%%

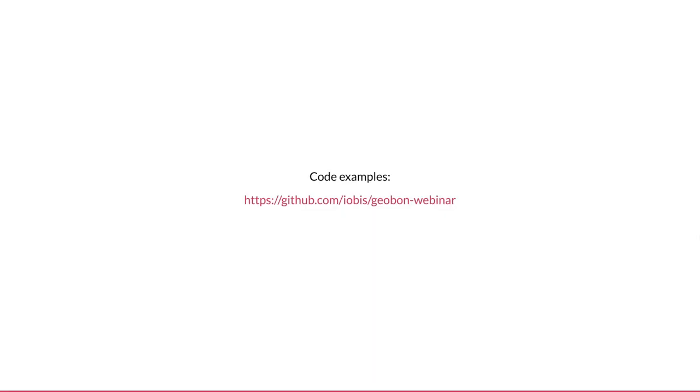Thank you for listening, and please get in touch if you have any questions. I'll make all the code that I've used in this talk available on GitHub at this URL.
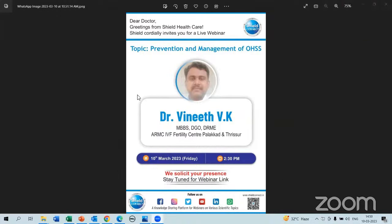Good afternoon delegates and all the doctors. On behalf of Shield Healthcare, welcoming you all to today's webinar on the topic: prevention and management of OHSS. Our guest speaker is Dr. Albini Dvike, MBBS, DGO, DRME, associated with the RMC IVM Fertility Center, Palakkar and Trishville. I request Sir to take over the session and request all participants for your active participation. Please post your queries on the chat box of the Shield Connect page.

%%
%%

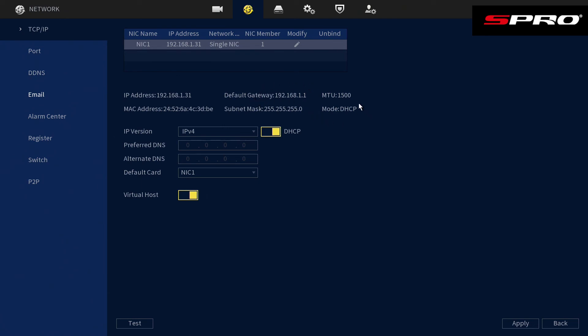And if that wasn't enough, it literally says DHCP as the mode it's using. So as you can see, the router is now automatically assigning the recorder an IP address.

%%

Try it
Could the stretch from the line with "Thank you for" through the line with "Good afternoon delegates" in the listing above be restated word for word, minus the pictures?

Solution
Thank you for listening, and please get in touch if you have any questions. I'll make all the code that I've used in this talk available on GitHub at this URL.
Good afternoon delegates and all the doctors. On behalf of Shield Healthcare, welcoming you all to today's webinar on the topic: prevention and management of OHSS. Our guest speaker is Dr. Albini Dvike, MBBS, DGO, DRME, associated with the RMC IVM Fertility Center, Palakkar and Trishville. I request Sir to take over the session and request all participants for your active participation. Please post your queries on the chat box of the Shield Connect page.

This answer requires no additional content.